The London staff of around 200 were very varied in nationality. It was usual to find at the same meeting South Americans, Africans, Chinese, North Americans, Arabs and Europeans. One of the things I picked up and found very useful today, since all would speak in English, would be the differing intonations and accents. I learnt to recognise signals through body language. I guess the others too had a similar learning experience with my accent and body behaviour.

One of the early management tasks was to find a new location for headquarters. The organisation had been enjoying a long-term lease from the Crown since its inception in 1952, in Lower Regent Street, a few yards from Piccadilly Circus. It was at the very hub of the city and very convenient for everybody. Particularly so for the staff, as the Ceylon Tea Centre was located next door. However, the Crown agents who owned the property were demanding it back, for renovation and reletting at a much higher rental. So, I soon had to look for another suitable location.

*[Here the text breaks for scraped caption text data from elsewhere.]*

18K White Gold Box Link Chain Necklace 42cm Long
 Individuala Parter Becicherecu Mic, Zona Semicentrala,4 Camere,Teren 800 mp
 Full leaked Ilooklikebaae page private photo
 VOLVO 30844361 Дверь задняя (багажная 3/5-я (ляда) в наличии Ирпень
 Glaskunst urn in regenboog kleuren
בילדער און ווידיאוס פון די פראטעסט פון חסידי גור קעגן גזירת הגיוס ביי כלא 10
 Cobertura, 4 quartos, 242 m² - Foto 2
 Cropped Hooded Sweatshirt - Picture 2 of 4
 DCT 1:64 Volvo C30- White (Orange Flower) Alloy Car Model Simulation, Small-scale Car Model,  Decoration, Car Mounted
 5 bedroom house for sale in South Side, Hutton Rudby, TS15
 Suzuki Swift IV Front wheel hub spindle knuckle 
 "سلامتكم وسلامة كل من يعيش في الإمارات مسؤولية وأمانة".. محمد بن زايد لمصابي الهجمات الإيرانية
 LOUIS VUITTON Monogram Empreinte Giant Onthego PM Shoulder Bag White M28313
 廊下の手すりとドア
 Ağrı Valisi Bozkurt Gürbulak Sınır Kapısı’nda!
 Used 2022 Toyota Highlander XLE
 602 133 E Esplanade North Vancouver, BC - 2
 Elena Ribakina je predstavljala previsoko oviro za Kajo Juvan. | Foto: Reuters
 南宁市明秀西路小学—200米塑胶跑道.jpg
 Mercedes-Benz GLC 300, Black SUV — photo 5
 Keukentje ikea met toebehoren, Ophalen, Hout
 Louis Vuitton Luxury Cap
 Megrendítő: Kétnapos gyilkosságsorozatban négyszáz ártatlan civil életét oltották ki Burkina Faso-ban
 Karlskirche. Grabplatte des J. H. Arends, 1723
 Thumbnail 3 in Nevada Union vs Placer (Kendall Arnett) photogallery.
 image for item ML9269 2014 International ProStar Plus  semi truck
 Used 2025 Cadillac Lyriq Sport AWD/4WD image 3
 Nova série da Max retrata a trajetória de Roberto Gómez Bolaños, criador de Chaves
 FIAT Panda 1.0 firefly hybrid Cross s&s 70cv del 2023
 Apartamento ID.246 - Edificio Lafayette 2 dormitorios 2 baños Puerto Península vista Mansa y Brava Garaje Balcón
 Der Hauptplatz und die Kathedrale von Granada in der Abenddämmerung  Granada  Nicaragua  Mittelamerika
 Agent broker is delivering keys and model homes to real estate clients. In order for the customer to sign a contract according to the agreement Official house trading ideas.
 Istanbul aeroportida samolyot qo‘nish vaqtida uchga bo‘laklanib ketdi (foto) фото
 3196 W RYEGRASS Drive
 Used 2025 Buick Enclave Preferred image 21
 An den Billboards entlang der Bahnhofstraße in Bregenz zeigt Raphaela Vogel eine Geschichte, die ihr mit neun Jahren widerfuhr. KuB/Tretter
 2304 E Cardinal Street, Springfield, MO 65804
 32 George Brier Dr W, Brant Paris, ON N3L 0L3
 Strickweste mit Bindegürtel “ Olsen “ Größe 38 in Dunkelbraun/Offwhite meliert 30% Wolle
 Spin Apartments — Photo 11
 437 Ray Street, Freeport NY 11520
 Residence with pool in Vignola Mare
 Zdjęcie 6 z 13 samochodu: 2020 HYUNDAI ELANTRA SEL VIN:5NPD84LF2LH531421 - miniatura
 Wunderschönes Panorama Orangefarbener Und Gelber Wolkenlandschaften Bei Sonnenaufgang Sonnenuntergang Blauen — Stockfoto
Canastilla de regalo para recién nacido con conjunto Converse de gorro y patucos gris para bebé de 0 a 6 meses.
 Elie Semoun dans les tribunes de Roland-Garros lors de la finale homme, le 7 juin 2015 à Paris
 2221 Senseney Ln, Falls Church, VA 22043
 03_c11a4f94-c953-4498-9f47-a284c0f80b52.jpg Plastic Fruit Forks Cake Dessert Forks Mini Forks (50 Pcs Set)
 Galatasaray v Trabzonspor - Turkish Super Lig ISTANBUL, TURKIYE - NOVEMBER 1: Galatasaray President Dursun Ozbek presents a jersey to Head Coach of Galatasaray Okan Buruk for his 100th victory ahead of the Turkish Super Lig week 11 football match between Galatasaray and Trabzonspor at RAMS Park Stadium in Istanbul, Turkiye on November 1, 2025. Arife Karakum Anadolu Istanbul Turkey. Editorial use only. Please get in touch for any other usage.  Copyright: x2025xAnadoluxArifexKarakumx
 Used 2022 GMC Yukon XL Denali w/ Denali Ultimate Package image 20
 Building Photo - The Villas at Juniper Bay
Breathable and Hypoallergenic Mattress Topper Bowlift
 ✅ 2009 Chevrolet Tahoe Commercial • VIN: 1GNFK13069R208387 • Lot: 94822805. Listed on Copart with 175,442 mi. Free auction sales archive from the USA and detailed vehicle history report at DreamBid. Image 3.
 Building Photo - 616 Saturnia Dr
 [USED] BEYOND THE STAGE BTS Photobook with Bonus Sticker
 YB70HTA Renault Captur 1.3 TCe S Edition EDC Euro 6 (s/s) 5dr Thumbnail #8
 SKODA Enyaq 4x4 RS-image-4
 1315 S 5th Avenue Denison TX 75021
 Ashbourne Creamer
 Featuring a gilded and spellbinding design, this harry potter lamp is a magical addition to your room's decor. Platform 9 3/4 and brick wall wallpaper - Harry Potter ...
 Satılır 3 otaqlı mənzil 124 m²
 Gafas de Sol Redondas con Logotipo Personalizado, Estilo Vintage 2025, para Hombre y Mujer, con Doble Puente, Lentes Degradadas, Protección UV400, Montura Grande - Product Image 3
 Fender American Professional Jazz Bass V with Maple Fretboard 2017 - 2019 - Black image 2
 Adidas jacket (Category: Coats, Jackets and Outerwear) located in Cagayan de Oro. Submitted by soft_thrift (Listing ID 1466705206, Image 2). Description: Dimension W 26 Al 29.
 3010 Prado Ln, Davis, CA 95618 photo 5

We found the ideal place in the middle of Regents Park. It was a somewhat run-down set of buildings which had housed, up to a few years earlier, the female students of London University. It had been taken over on lease by an American university to be used as the European extension of their campus. I managed to get a sub-lease of a part of the premises and moved in early 1985 on a twenty-year lease at very favourable terms.

My personal room overlooked the Queen Mary’s rose garden and afforded a joyful view in summer when the roses were in full bloom. Damayanthi found for us a very smartly furnished apartment in St Johns Wood within walking distance of the office and right in front of the Lords cricket grounds. Esala had got into the London School of Economics as planned, and was studying for a MSc in ‘Social Planning for Developing Countries’. Life could not have been more fulfilling.

Friends in High Places

As executive head of IPPF I had to interact with the leaders of countries in which we did programmes. One of the rather unusual interactions was with the Duke of Edinburgh, Prince Philip, right here in London. It was not common knowledge that the prince had a deep interest in population issues and especially the interrelation between population and the environment.

One day in November 1987, Angela Davies” my superbly efficient secretary brought in this letter.

Buckingham Palace

20th November, 1987

The Duke of Edinburgh is very pleased to invite you to a dinner party here at Buckingham Palace on Monday, 7th December.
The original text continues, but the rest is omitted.